• **Your task**
Give back the data below word for word. Any image in it should be left out.

• **Task inputs**
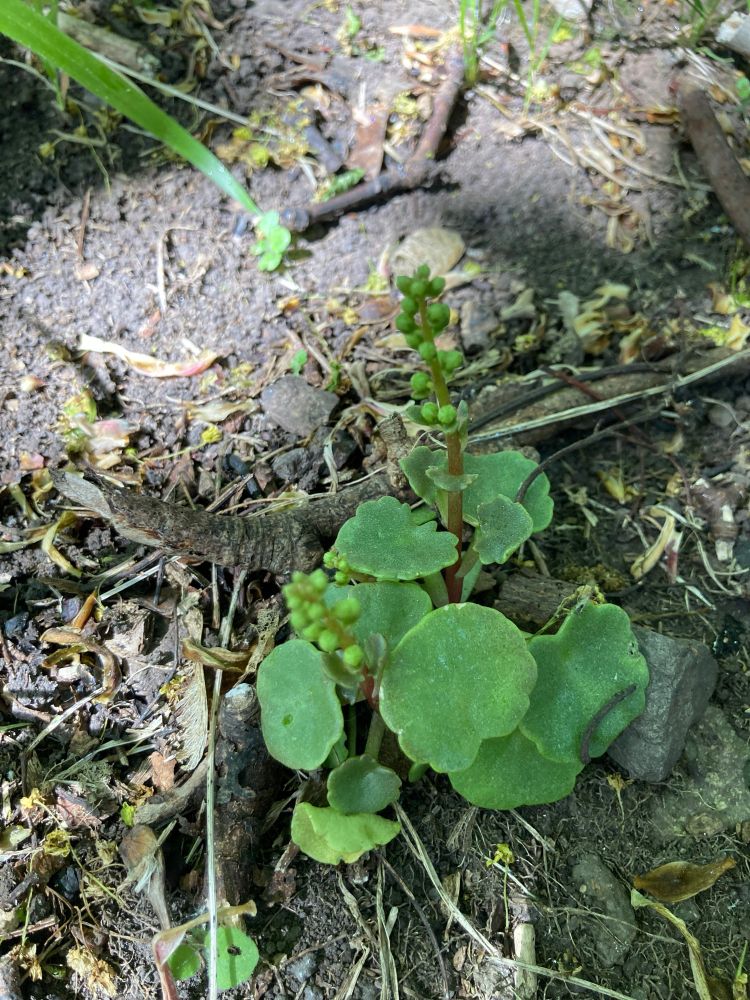 Photograph of a small plant with round, green, thick, wavy-edged leaves and a stalk coming up from the middle with little round green balls on it. 
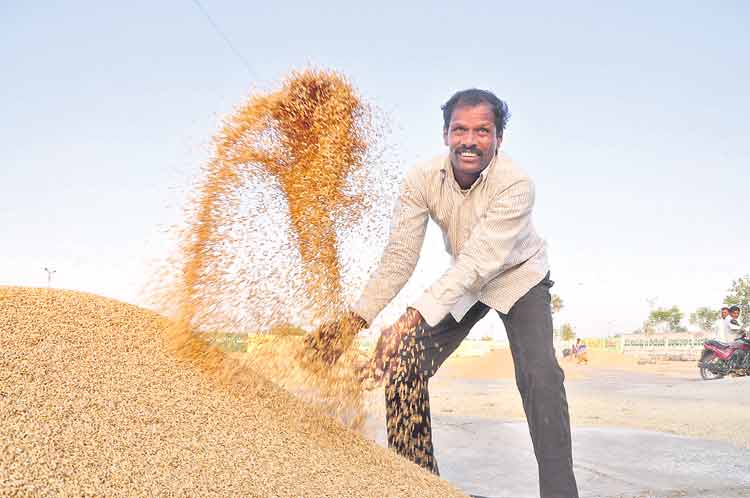 ధాన్యసిరి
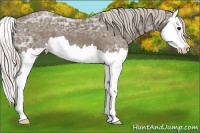 Horse Color:Silver Black Ice Splash 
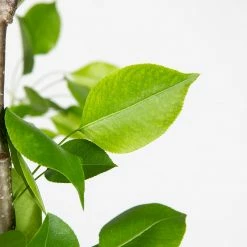 Perfect Plants Ayers Pear Tree All Fruit & Nut Trees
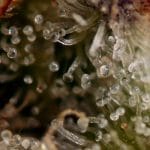 Sweet – Indoor – Female seeds – Girl Scout Crack strain – image 13 – from Seedsman Seeds via Seed City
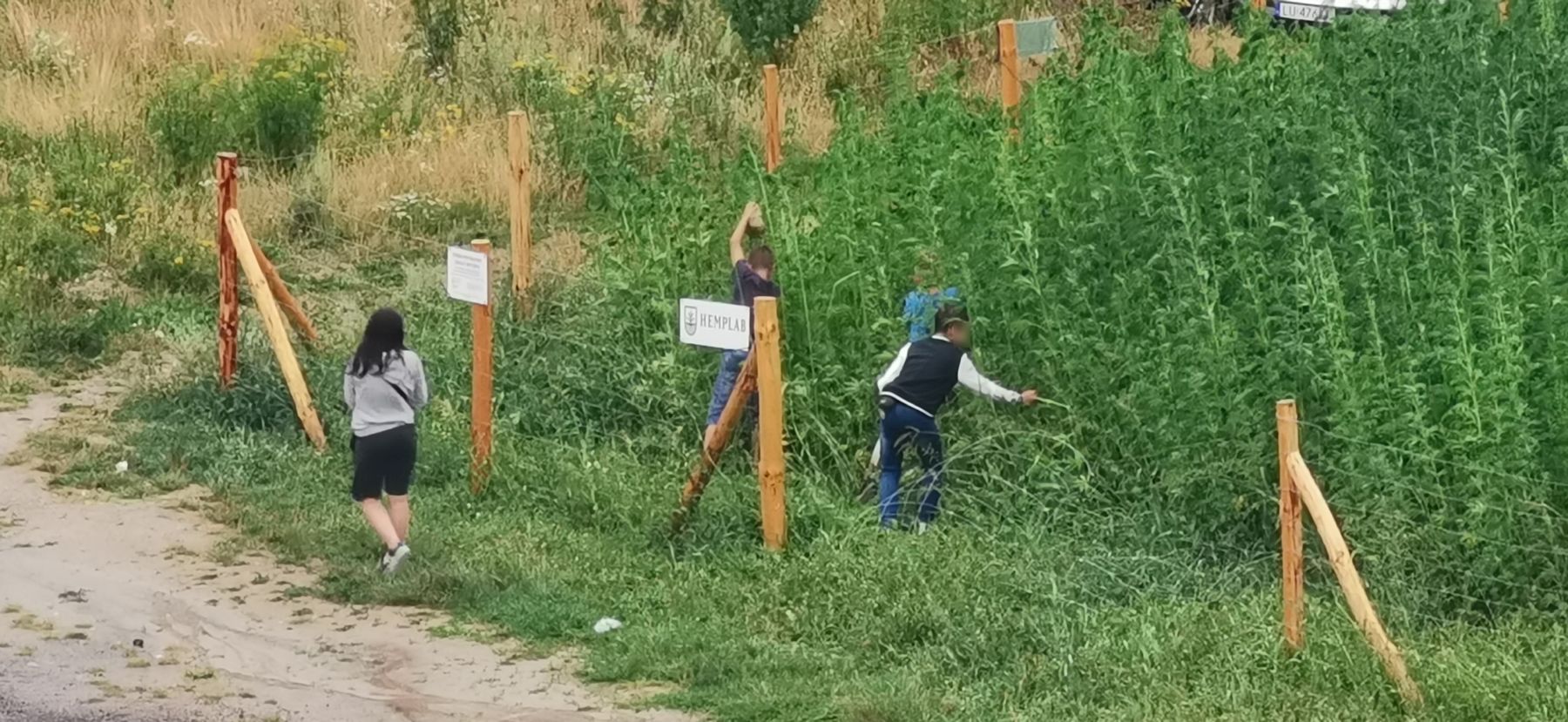 Nie lada sensacją dla przechodniów stało się pole konopi włóknistych znajdujące się w Lublinie przy ul. Jantarowej. Chociaż na ogrodzeniu widnieją tabliczki informujące o tym, że są to konopie nie zawierające substancji psychoaktywnych, mało kto w to wierzy i krzewy są notorycznie obrywane.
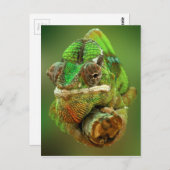 カメレオン写真 ポストカード (正面/裏面)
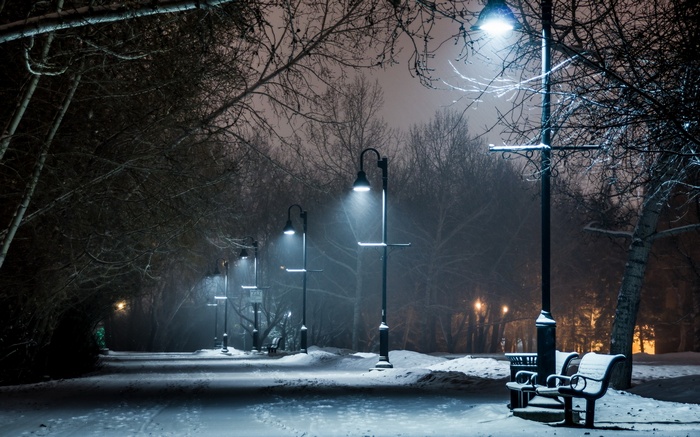 Winter park path at night with streetlights and snow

• **The completed task**
 Photograph of a small plant with round, green, thick, wavy-edged leaves and a stalk coming up from the middle with little round green balls on it. 
 ధాన్యసిరి
 Horse Color:Silver Black Ice Splash 
 Perfect Plants Ayers Pear Tree All Fruit & Nut Trees
 Sweet – Indoor – Female seeds – Girl Scout Crack strain – image 13 – from Seedsman Seeds via Seed City
 Nie lada sensacją dla przechodniów stało się pole konopi włóknistych znajdujące się w Lublinie przy ul. Jantarowej. Chociaż na ogrodzeniu widnieją tabliczki informujące o tym, że są to konopie nie zawierające substancji psychoaktywnych, mało kto w to wierzy i krzewy są notorycznie obrywane.
 カメレオン写真 ポストカード (正面/裏面)
 Winter park path at night with streetlights and snow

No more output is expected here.